I've got a MySQL database that has some Murmur2 hashes (as unsigned 64bit ints) that were generated with the Percona UDF that comes with the Percona strand of MySQL database found here https://github.com/percona/build-test/blob/master/plugin/percona-udf/murmur_udf.cc
My problem is that now I need to generate these same hashes on the PHP side, but I can't seem to find or tweak anything existing to work/output the same output for the same input.
Things I've tried:
The segfault gets caused by me running this function
var_dump(murmurhash('Hello World'));
Which works fine normally when I downloaded https://github.com/kibae/php_murmurhash (the original, 32bit, hash producing extension) and followed the instructions, but once I replaced the function (Only edit in the MurmurHash2.cpp file to https://github.com/StirlingMarketingGroup/php_murmurhash/blob/master/MurmurHash2.cpp) the same function call crashes the PHP script.
Here is the PHP function that I've written as a port from the Percona C++ function
function murmurhash2(string $s) : int {
$len = strlen($s);
$seed = 0;
$m = 0x5bd1e995;
$r = 24;
$h1 = $seed ^ $len;
$h2 = 0;
$i = 0;
while ($len >= 8) {
$k1 = ord($s[$i++]);
$k1 *= $m; $k1 ^= $k1 >> $r; $k1 *= $m;
$h1 *= $m; $h1 ^= $k1;
$len -= 4;
$k2 = ord($s[$i++]);
$k2 *= $m; $k2 ^= $k2 >> $r; $k2 *= $m;
$h2 *= $m; $h2 ^= $k2;
$len -= 4;
}
if ($len >= 4) {
$k1 = ord($s[$i++]);
$k1 *= $m; $k1 ^= $k1 >> $r; $k1 *= $m;
$h1 *= $m; $h1 ^= $k1;
$len -= 4;
}
switch ($len) {
case 3: $h2 ^= ord($s[2]) << 16;
case 2: $h2 ^= ord($s[1]) << 8;
case 1: $h2 ^= ord($s[0]);
$h2 *= $m;
};
$h1 ^= $h2 >> 18; $h1 *= $m;
$h2 ^= $h1 >> 22; $h2 *= $m;
$h1 ^= $h2 >> 17; $h1 *= $m;
$h = $h1;
$h = ($h << 32) | $h2;
return $h;
}
Within MySQL I get this
select murmur_hash('Hello World'), cast(murmur_hash('Hello World')as unsigned), CONV(cast(murmur_hash('Hello World')as unsigned), 10, 16);
-- -8846466548632298438 9600277525077253178 853B098B6B655C3A
And in PHP I get
var_dump(murmurhash2('Hello World'));
// int(5969224437940092928)
So looking at the MySQL and PHP results, neither signed nor unsigned match my PHP output.

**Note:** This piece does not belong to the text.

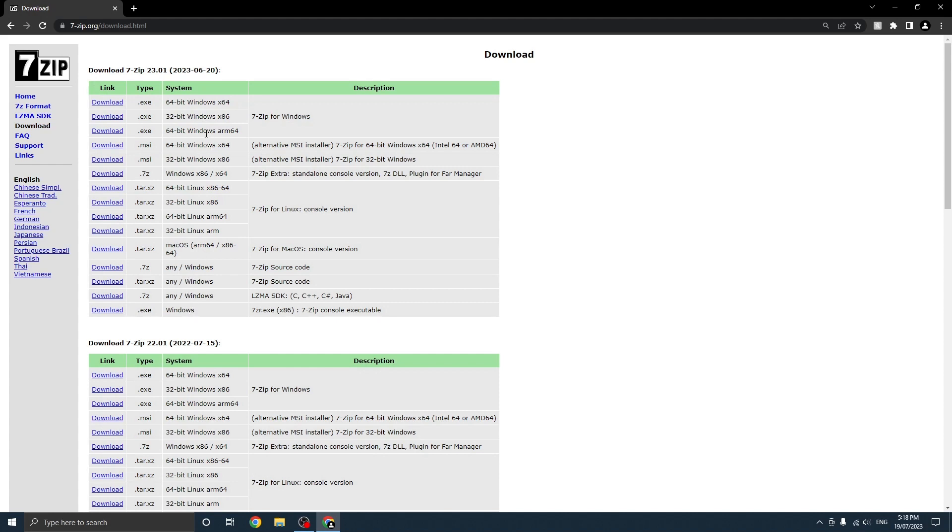Now depending on your system you want to get the correct download. I'm using a 64-bit Windows system so I'll just go ahead and download that one.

Is there something that can be fixed with either of my previous two approaches, or maybe an already working approach that I can use instead?
I've solved this myself by essentially porting the Percona hashing function directly to a PHP extension MySQL.
Installation and usage instructions are posted here https://github.com/StirlingMarketingGroup/php-murmur-hash
In MySQL, the Percona extension is used like
select`murmur_hash`('Yeet')
-- -7850704420789372250
And in PHP
php -r 'echo murmur_hash("Yeet");'
// -7850704420789372250
Note that those are getting treated as signed integers for both environments, which you can solve in MySQL by using cast(`murmur_hash`('Yeet')as unsigned)
, but PHP doesn't support unsigned integers.